→ **Provided data**

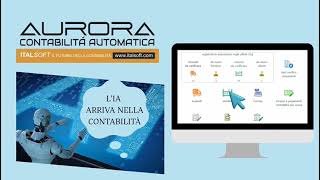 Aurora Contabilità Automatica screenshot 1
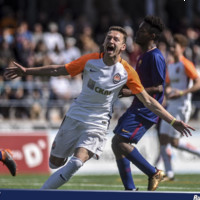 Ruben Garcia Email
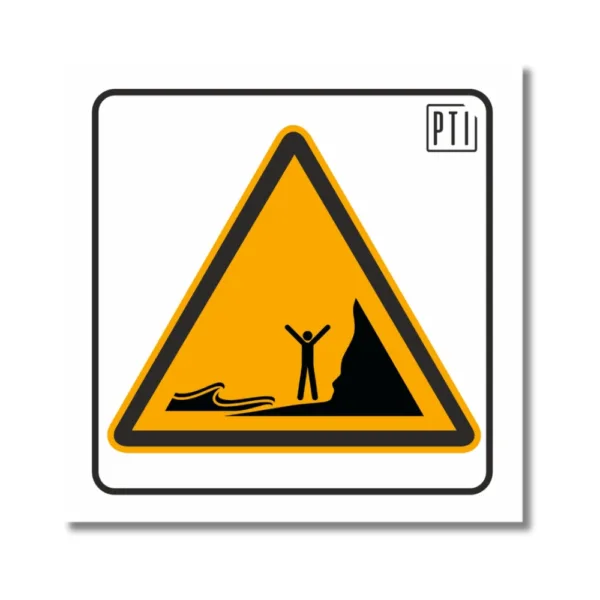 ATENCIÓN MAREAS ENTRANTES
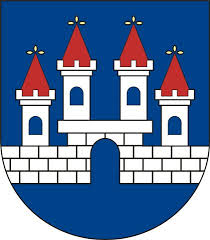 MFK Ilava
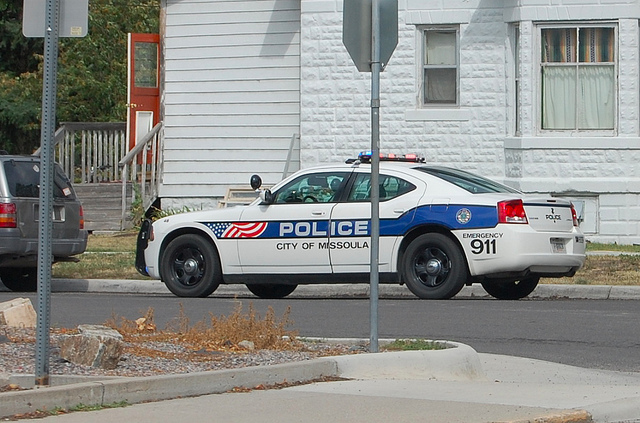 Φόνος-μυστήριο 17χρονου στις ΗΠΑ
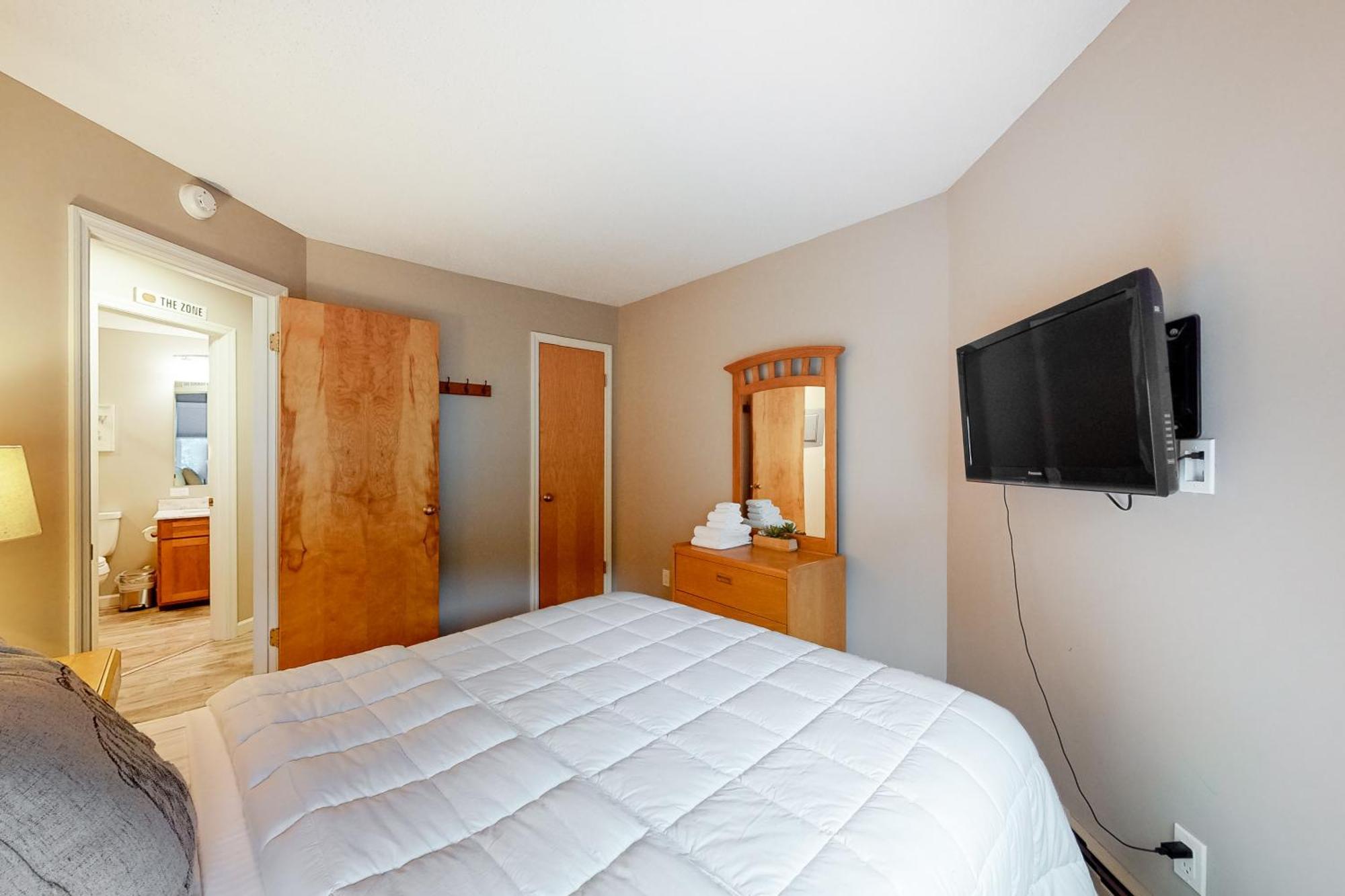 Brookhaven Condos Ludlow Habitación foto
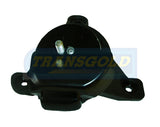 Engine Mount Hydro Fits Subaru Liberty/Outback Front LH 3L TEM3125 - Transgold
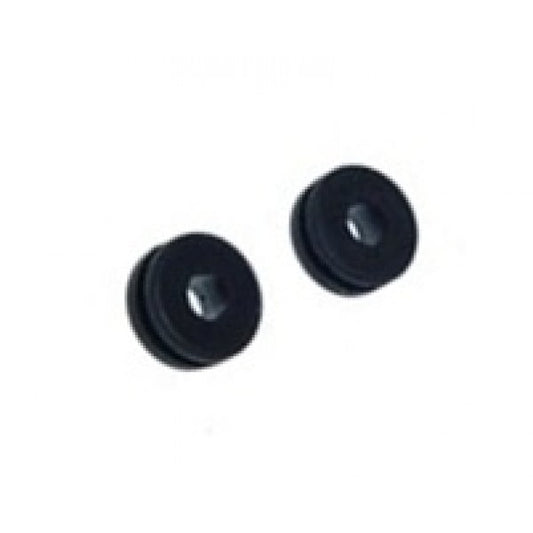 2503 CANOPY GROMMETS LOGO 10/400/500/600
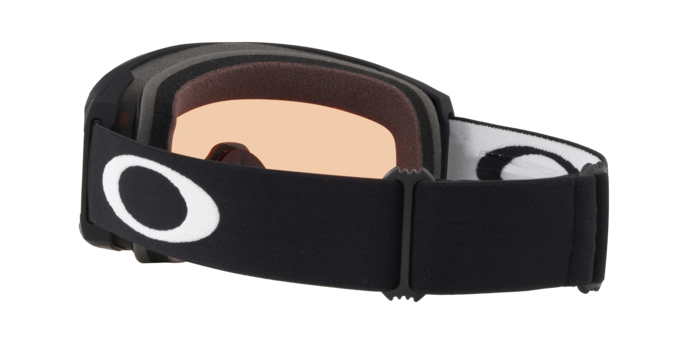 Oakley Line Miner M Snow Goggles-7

---

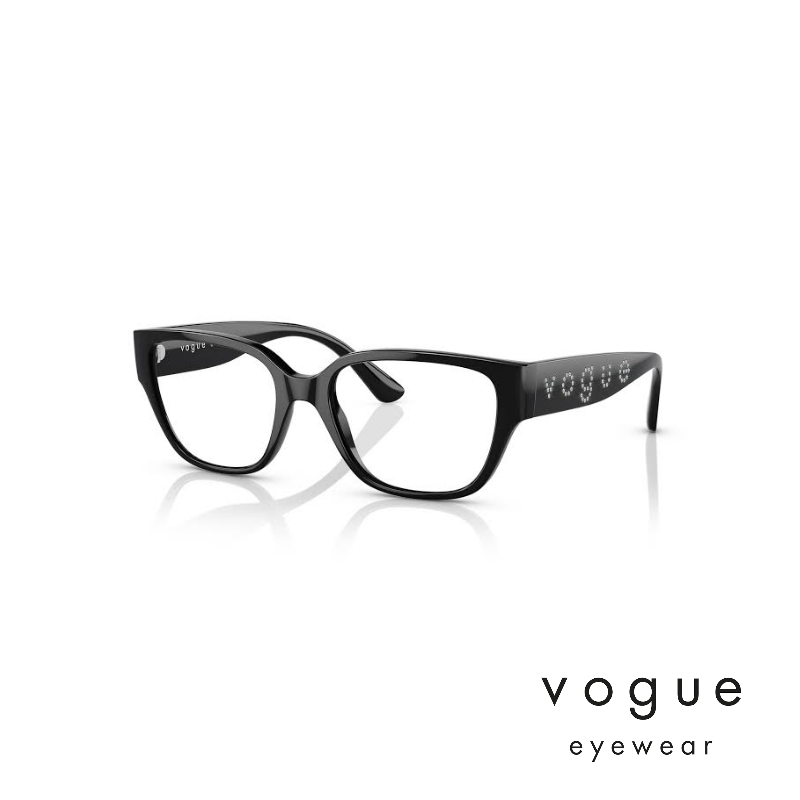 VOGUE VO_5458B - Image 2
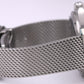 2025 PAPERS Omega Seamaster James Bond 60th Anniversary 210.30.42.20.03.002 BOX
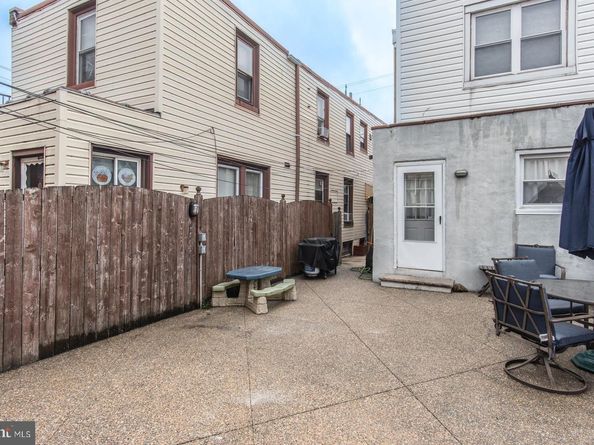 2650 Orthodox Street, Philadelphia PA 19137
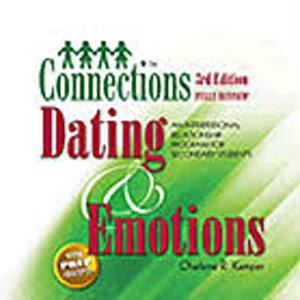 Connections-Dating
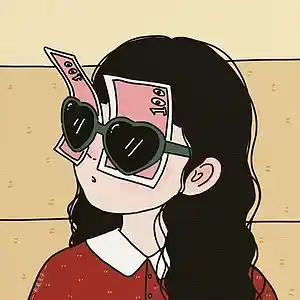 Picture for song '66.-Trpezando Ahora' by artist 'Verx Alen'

--

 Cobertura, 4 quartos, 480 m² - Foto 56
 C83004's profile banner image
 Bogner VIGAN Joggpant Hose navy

→ **What you have to do**
Reproduce exactly the lines above starting at the line containing "Engine Mount Hydro" and ending at the line containing "Oakley Line Miner M Snow Goggles-7", including both, but not the pictures.

→ **Task response**
 Engine Mount Hydro Fits Subaru Liberty/Outback Front LH 3L TEM3125 - Transgold
 2503 CANOPY GROMMETS LOGO 10/400/500/600
 Oakley Line Miner M Snow Goggles-7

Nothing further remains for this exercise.